Le chef Antoine a tout de même préféré tout ce qui était lié au pape Jean-Paul II. Ce dernier lui avait fait une promesse qu’il a tenue il y a plusieurs années, à savoir venir voir sa communauté, puisque lors de la première tentative, le mauvais temps avait empêché l’atterrissage de l’avion.
Quant à la question du rapatriement des artefacts autochtones, il rappelle qu’elle fait partie des actions concrètes qui seront demandées au pape pendant l’audience privée jeudi. D’abord, il rappellera que les Autochtones veulent des excuses, sur leur sol, puis il formulera les autres demandes. « Mais restituer une partie, c’est l’un des gestes concrets. »

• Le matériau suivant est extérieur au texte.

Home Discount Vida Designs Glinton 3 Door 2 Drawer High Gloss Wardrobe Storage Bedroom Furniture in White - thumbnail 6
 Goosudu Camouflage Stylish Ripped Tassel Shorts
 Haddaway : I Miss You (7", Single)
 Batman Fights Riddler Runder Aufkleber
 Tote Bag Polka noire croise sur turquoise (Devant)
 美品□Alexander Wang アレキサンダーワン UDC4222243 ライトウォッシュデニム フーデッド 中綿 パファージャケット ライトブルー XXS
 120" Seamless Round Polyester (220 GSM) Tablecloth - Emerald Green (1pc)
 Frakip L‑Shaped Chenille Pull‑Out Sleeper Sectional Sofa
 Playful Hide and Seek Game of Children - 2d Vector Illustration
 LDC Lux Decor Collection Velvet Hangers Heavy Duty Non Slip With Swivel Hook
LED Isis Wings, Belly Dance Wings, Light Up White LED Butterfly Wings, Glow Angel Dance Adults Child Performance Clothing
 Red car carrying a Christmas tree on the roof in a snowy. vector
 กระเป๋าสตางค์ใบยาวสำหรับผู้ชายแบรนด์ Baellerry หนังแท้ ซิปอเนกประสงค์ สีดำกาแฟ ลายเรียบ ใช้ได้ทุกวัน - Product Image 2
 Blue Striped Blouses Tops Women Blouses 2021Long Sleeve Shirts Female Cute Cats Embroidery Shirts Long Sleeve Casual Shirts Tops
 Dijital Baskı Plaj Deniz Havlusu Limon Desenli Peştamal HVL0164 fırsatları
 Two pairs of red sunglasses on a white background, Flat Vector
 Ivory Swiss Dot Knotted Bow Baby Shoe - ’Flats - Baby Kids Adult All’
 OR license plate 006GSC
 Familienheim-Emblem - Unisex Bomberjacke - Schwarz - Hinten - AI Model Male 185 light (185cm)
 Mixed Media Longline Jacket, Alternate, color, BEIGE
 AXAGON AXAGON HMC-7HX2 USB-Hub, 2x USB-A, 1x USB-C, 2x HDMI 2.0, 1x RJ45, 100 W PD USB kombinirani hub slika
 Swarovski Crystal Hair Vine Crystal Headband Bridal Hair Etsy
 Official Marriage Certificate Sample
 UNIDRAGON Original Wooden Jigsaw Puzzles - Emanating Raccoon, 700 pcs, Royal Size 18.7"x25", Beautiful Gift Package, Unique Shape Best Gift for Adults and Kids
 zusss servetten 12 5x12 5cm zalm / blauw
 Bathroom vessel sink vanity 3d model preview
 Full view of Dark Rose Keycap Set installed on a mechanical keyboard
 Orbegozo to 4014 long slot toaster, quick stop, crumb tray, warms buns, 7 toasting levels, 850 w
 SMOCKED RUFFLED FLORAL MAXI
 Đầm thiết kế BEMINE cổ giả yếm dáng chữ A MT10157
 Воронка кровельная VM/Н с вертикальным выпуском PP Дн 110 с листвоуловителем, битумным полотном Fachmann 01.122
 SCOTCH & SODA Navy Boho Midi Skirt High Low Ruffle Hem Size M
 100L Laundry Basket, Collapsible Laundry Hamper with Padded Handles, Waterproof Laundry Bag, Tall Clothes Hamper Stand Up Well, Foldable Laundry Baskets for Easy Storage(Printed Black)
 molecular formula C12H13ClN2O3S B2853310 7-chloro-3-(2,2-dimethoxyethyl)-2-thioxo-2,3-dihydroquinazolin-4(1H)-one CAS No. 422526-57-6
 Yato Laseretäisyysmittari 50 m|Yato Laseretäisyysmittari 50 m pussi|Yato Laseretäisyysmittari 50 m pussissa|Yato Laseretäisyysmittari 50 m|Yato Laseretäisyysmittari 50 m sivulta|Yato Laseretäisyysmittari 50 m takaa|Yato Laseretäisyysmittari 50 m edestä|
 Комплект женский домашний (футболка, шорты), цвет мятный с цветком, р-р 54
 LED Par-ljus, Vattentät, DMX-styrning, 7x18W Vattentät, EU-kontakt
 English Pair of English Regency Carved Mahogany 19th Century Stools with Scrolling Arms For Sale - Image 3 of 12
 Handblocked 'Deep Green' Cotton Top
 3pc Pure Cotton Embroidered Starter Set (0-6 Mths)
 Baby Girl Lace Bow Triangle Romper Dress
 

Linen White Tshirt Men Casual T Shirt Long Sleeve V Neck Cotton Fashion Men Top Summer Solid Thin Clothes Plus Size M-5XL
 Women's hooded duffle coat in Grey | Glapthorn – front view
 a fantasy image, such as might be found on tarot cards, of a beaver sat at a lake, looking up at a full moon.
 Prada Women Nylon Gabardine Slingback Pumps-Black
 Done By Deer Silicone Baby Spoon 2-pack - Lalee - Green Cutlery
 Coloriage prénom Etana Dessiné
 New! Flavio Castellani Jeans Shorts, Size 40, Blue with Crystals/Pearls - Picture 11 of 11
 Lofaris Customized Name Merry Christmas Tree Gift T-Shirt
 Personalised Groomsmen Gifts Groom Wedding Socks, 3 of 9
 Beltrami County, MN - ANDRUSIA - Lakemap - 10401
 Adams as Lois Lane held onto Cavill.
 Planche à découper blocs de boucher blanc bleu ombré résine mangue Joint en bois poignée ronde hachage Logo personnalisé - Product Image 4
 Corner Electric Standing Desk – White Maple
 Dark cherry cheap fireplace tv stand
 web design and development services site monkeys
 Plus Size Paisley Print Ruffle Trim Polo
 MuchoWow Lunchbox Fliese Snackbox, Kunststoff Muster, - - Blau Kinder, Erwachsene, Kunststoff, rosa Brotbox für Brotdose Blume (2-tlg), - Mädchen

Le responsable des communications de la CECC, Neil MacCarthy, a indiqué que le conservateur et responsable de la préservation du musée ethnologique Anima Mundi, le père Nicola Mapelli, souhaitait travailler « main dans la main » avec les Autochtones du Canada « pour en apprendre davantage sur les artefacts du Canada ».
« Le père Mapelli a pris contact avec les dirigeants autochtones du Canada pour discuter de certains de ces objets et leur demander conseil » sur ce qui devrait être rendu aux communautés locales. « D’autres dialogues sont prévus », a précisé Neil MacCarthy dans un courriel.
Il y a un peu plus d’une semaine, le célèbre conservateur et artiste de Toronto membre de la nation siksika en Alberta, Gerald McMaster, a appelé une nouvelle fois le Vatican à donner accès à toute sa collection d’art autochtone.